[Available records]

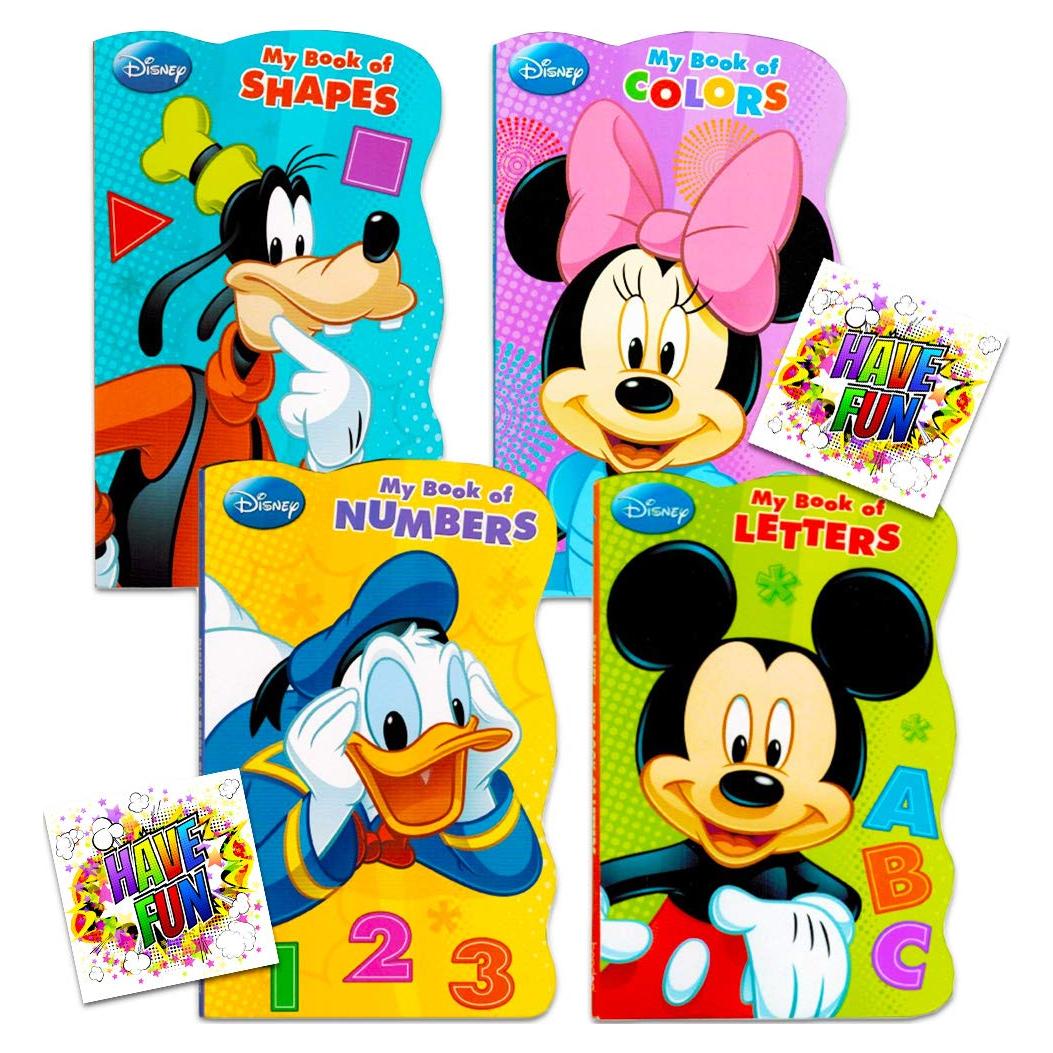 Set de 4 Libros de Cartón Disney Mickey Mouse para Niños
==
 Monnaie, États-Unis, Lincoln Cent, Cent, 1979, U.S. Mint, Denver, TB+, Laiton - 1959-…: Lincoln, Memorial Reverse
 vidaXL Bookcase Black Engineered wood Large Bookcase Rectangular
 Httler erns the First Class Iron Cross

[Problem details] Could you reproduce exactly the lines of the entries above, from the one with "Monnaie, États-Unis, Lincoln" through the one with "Httler erns the First Class Iron Cross", and nothing else?

[Output for this task]
 Monnaie, États-Unis, Lincoln Cent, Cent, 1979, U.S. Mint, Denver, TB+, Laiton - 1959-…: Lincoln, Memorial Reverse
 vidaXL Bookcase Black Engineered wood Large Bookcase Rectangular
 Httler erns the First Class Iron Cross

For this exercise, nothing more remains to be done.